• **The task**
Set down the final stretch of the data, from the line that holds "Комплект текстилю Stokke" through the last line, both included, with pictures left out.

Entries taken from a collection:
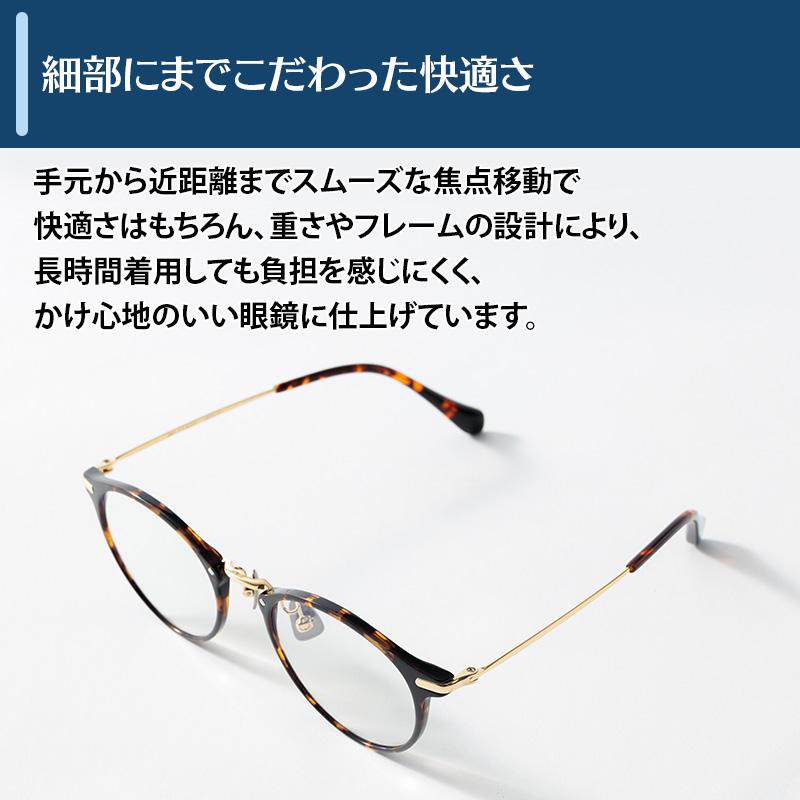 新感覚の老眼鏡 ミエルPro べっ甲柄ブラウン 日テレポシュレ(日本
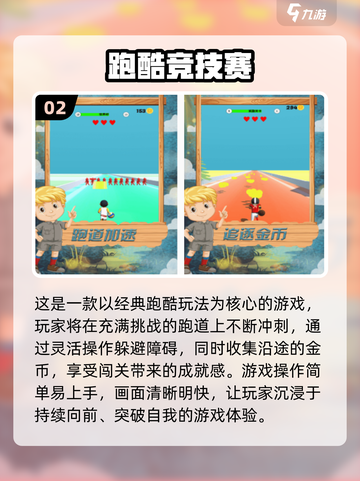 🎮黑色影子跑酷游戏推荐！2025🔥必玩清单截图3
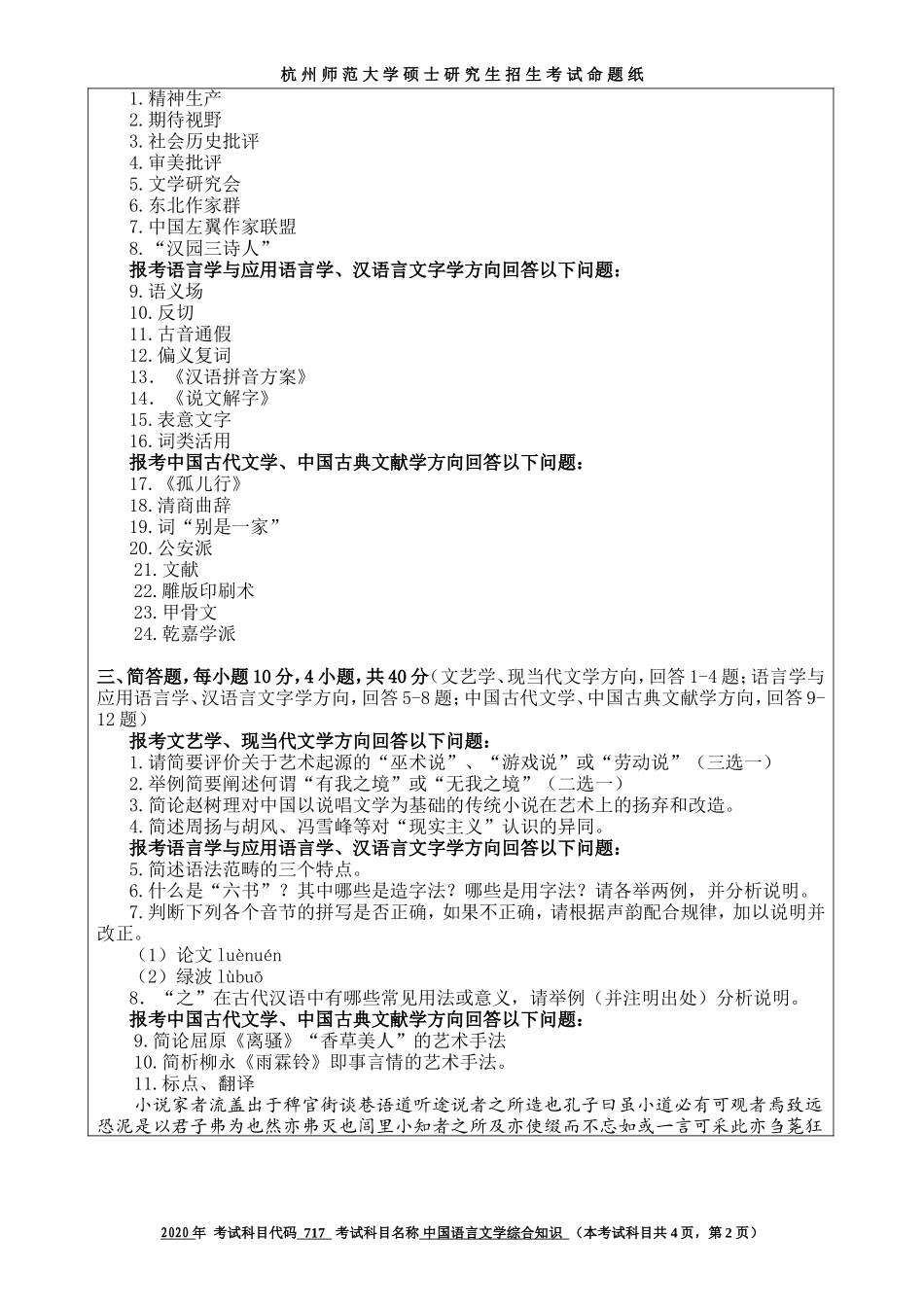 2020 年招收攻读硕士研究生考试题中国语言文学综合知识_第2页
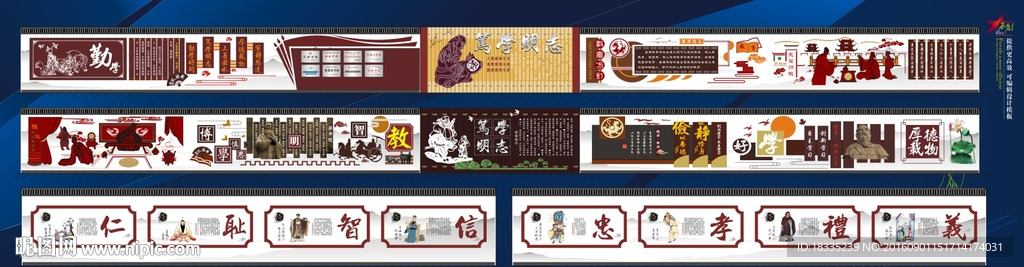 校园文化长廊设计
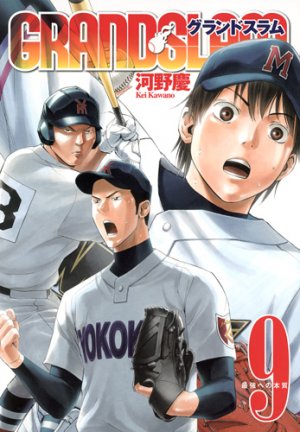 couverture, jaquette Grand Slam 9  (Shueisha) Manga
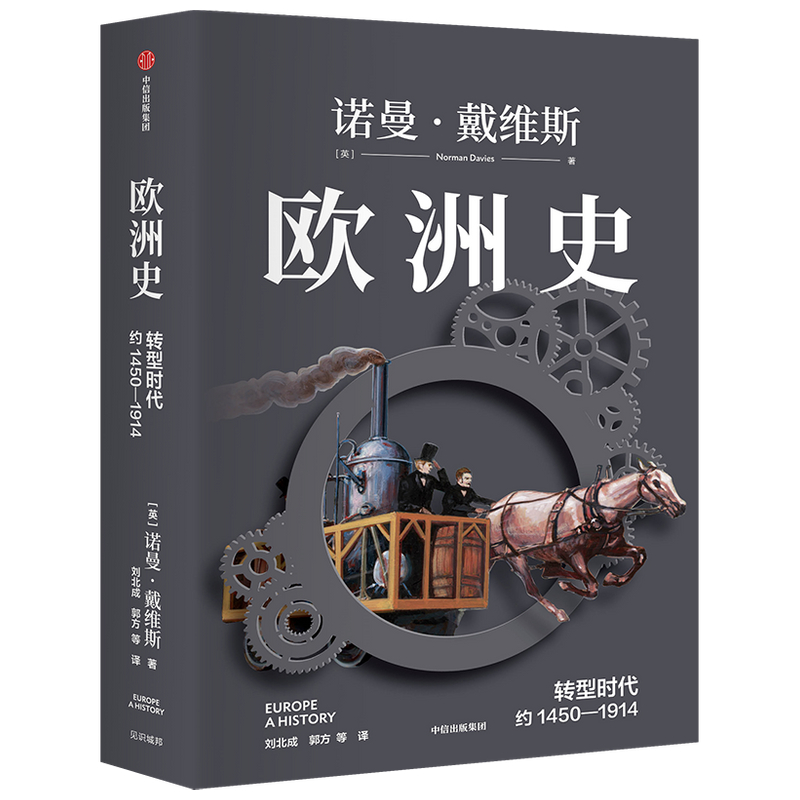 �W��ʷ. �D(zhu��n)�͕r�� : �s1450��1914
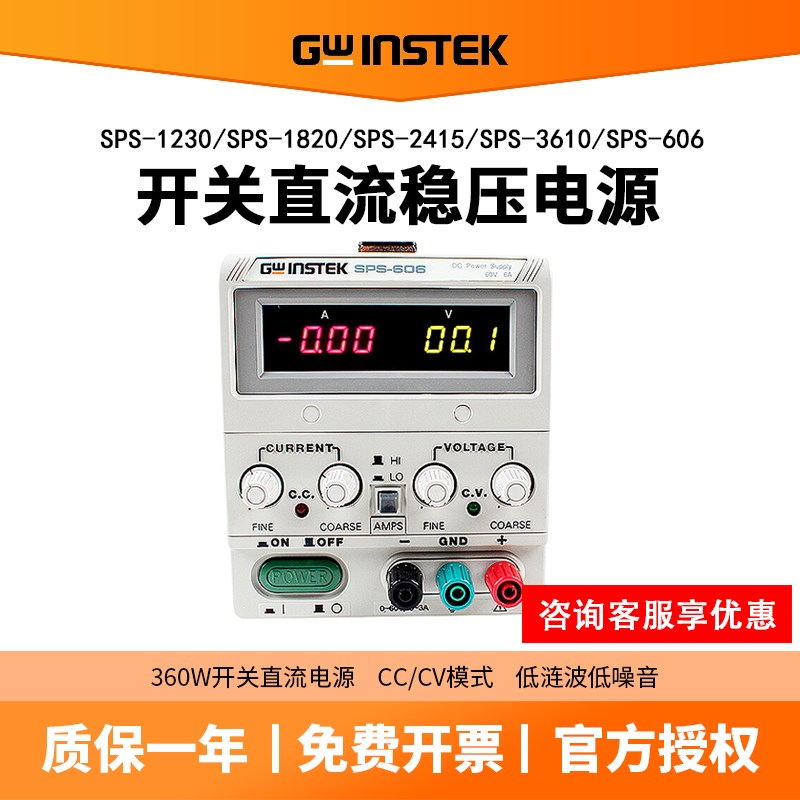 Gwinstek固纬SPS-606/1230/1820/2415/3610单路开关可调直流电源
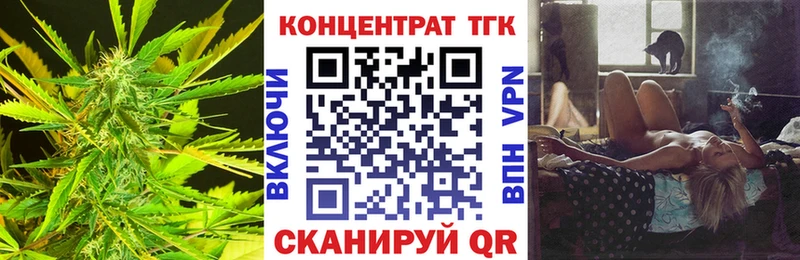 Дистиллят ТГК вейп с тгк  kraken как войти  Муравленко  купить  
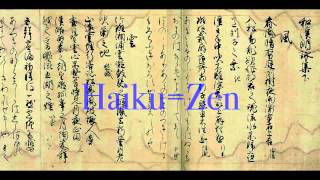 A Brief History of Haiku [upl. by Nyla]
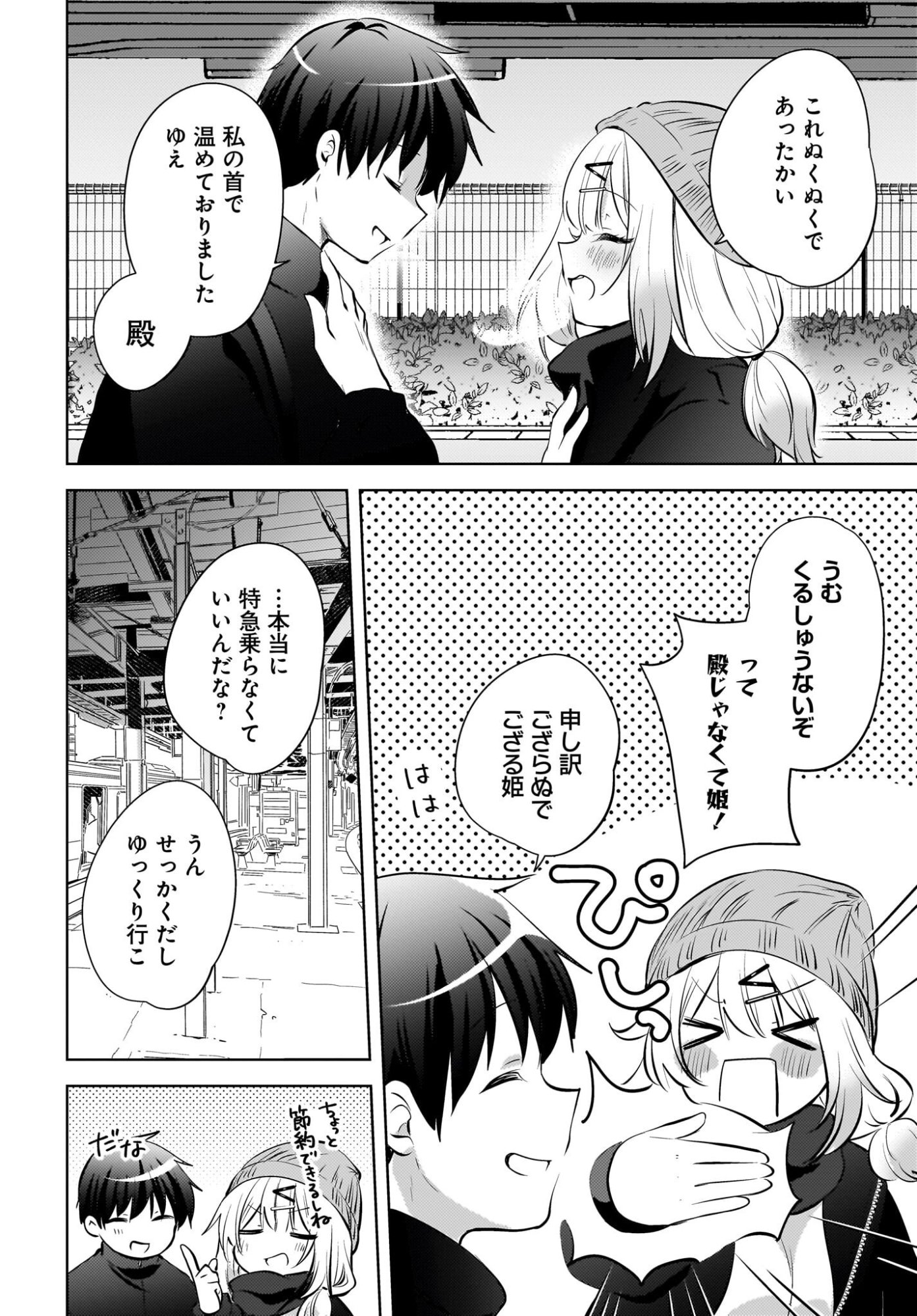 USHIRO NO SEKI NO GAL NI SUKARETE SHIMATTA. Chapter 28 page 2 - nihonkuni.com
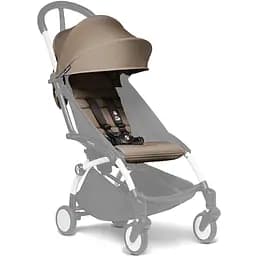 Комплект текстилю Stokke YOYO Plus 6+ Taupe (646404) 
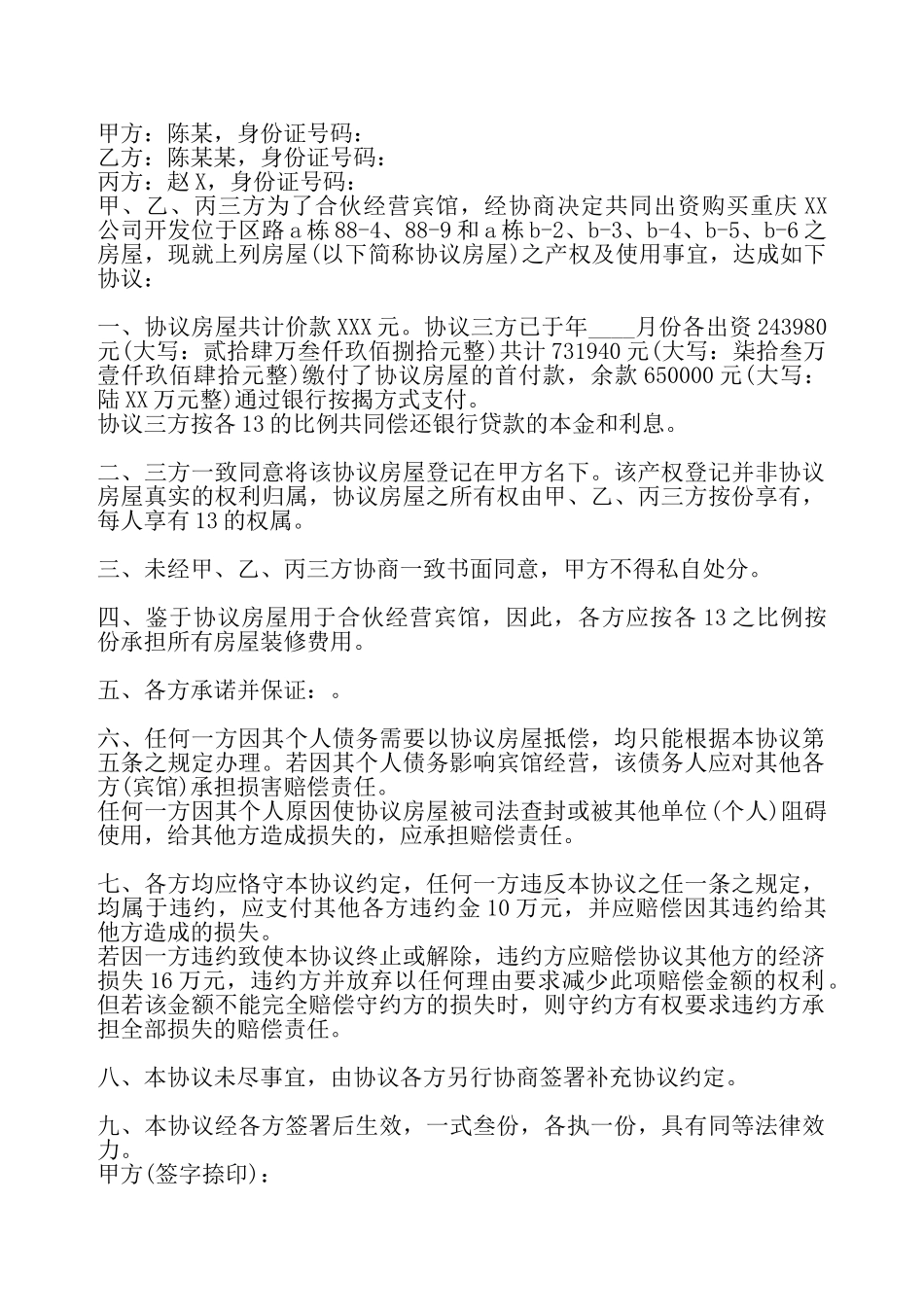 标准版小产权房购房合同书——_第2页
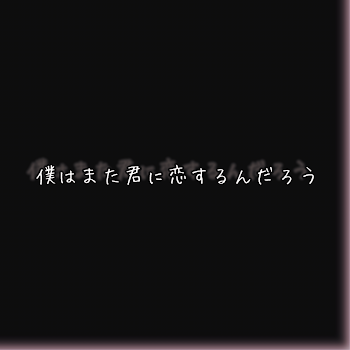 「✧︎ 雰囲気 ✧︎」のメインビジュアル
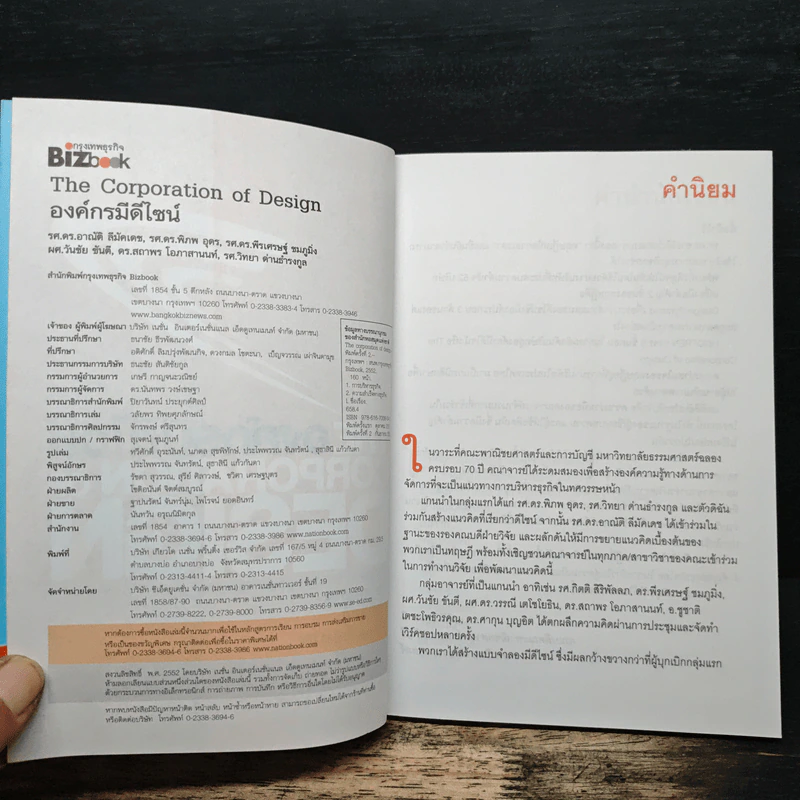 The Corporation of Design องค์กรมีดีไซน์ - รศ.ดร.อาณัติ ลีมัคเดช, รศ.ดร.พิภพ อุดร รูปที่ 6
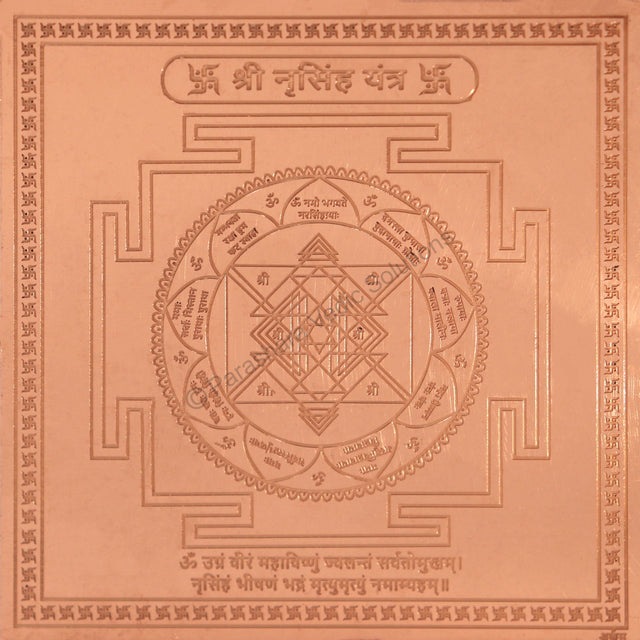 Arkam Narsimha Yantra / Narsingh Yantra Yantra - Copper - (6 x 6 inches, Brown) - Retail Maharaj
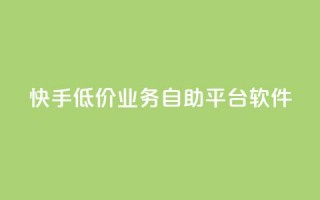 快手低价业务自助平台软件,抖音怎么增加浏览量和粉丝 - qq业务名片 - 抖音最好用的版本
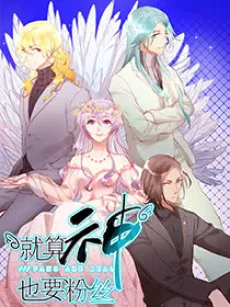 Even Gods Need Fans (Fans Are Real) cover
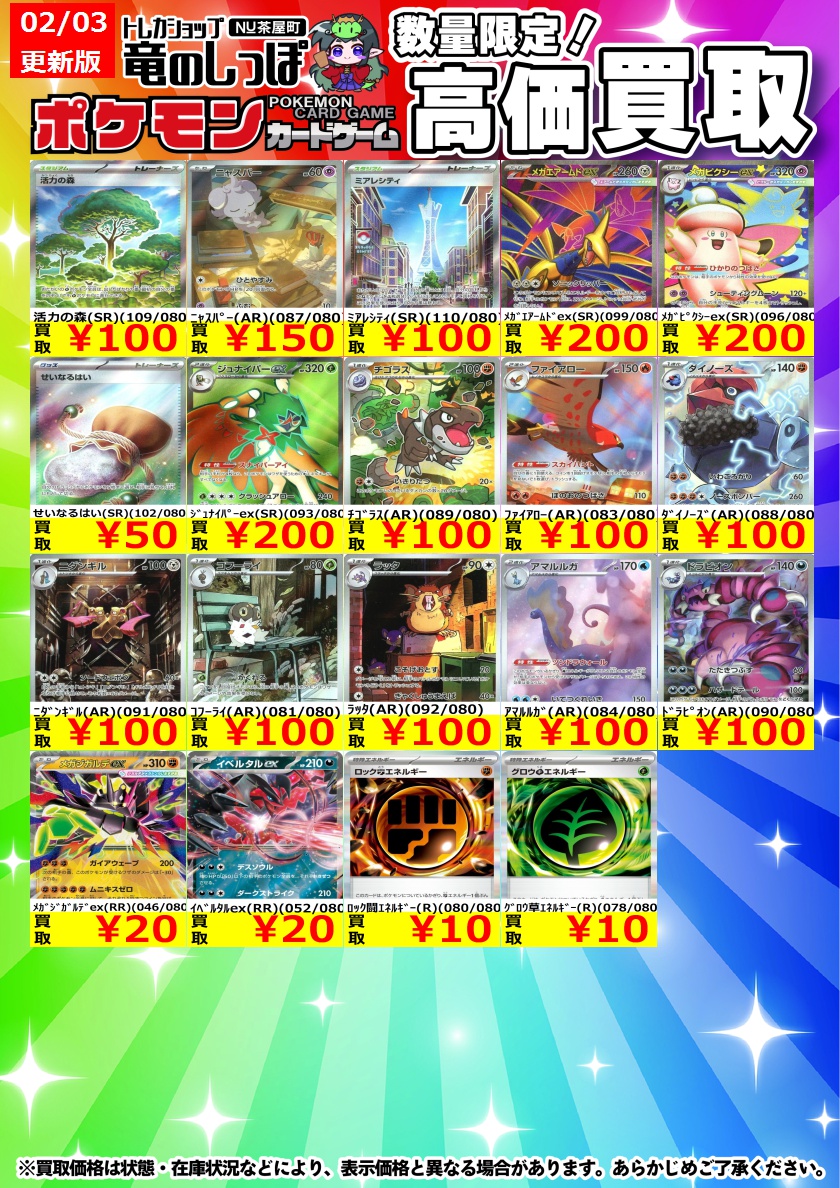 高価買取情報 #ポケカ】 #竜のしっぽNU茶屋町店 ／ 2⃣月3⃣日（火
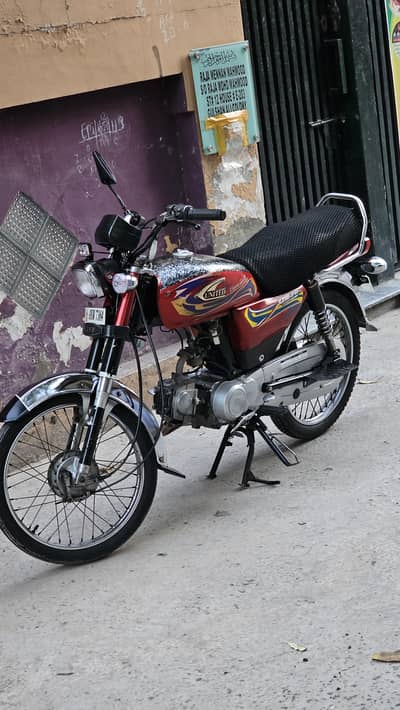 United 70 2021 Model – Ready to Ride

• **Output for this exercise**
 Комплект текстилю Stokke YOYO Plus 6+ Taupe (646404) 
 标准版小产权房购房合同书——_第2页
 「✧︎ 雰囲気 ✧︎」のメインビジュアル
 The Corporation of Design องค์กรมีดีไซน์ - รศ.ดร.อาณัติ ลีมัคเดช, รศ.ดร.พิภพ อุดร รูปที่ 6
 Arkam Narsimha Yantra / Narsingh Yantra Yantra - Copper - (6 x 6 inches, Brown) - Retail Maharaj
 快手低价业务自助平台软件,抖音怎么增加浏览量和粉丝 - qq业务名片 - 抖音最好用的版本
 Even Gods Need Fans (Fans Are Real) cover
 高価買取情報 #ポケカ】 #竜のしっぽNU茶屋町店 ／ 2⃣月3⃣日（火
 United 70 2021 Model – Ready to Ride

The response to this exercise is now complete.